TASK STATEMENT:
Would you please copy each line below that includes the string "Nissan"?

Short web captions:
_ _ _ _
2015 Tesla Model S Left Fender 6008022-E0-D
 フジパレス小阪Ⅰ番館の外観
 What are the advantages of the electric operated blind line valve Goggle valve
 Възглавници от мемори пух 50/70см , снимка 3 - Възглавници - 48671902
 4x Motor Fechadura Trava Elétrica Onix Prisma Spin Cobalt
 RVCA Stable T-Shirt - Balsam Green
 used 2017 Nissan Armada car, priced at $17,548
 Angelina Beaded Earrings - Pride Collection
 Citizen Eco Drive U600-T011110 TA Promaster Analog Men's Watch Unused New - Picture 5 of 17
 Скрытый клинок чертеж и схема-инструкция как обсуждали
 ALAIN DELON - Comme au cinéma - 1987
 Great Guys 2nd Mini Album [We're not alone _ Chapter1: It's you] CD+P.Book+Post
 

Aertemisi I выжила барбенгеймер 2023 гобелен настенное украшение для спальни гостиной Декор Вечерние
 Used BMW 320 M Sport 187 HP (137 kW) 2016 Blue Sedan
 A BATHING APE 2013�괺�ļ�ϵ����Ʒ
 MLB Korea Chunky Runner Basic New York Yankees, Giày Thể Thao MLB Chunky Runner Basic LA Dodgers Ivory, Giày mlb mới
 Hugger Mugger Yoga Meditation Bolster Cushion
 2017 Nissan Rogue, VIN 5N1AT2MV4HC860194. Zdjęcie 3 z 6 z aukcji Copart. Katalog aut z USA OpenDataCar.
_ _ _ _
EXERCISE SOLUTION:
 used 2017 Nissan Armada car, priced at $17,548
 2017 Nissan Rogue, VIN 5N1AT2MV4HC860194. Zdjęcie 3 z 6 z aukcji Copart. Katalog aut z USA OpenDataCar.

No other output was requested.